(Collected data entries)
******
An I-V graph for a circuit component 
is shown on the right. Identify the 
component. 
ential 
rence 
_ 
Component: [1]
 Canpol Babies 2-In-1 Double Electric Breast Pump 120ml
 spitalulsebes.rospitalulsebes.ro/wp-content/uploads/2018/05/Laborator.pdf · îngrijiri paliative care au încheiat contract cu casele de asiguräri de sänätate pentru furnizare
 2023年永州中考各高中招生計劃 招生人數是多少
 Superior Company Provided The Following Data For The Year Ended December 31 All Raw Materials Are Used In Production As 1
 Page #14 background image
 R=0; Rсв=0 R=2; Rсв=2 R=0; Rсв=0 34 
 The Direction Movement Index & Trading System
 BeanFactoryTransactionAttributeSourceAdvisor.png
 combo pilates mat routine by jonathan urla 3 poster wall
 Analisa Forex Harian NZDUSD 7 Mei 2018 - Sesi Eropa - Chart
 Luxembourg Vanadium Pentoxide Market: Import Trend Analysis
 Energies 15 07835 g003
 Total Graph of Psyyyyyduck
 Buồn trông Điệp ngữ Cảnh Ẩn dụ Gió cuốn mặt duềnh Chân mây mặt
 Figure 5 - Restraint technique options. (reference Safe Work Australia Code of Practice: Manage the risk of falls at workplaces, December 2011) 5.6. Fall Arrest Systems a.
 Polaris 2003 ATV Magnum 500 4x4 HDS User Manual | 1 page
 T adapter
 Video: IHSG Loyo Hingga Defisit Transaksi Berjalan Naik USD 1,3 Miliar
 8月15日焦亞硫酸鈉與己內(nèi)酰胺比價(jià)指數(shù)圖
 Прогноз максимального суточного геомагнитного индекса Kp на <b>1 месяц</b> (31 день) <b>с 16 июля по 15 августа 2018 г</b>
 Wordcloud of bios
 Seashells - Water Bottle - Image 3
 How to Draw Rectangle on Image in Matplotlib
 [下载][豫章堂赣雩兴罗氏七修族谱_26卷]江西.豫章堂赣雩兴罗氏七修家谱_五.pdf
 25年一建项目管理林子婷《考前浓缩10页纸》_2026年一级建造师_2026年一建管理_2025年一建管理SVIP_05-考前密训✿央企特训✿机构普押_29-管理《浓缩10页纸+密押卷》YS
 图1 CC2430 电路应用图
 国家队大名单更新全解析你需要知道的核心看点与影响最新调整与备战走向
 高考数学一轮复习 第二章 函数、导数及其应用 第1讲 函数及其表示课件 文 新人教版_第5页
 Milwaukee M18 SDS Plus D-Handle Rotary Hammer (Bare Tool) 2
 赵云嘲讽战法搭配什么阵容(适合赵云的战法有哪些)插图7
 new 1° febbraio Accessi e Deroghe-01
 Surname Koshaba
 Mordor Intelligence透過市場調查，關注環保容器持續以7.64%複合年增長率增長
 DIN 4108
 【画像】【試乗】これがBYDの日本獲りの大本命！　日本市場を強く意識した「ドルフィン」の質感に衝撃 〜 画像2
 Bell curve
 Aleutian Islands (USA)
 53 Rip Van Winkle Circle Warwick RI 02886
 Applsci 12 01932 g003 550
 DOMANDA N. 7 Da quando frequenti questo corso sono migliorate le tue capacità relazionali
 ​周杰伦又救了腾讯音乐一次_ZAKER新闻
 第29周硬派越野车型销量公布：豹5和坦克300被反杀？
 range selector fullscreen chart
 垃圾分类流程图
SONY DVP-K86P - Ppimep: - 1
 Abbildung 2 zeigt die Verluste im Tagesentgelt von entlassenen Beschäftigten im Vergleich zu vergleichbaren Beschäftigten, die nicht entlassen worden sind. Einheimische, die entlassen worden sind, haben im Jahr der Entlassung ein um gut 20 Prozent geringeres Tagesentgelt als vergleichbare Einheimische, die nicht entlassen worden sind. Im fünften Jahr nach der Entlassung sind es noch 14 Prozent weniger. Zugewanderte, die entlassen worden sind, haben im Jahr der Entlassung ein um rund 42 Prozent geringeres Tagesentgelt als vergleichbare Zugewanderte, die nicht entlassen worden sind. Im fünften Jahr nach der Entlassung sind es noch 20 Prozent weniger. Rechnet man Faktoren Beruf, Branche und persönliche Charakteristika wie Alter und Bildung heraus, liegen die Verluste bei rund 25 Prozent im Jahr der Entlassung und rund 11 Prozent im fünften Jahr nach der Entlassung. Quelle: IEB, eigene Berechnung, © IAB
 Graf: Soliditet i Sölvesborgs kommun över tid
******
■ YOUR INSTRUCTIONS ■
Filter the entries down to the lines that hold "December". Copy those lines.

■ RESULT OF THIS EXERCISE ■
 Superior Company Provided The Following Data For The Year Ended December 31 All Raw Materials Are Used In Production As 1
 Figure 5 - Restraint technique options. (reference Safe Work Australia Code of Practice: Manage the risk of falls at workplaces, December 2011) 5.6. Fall Arrest Systems a.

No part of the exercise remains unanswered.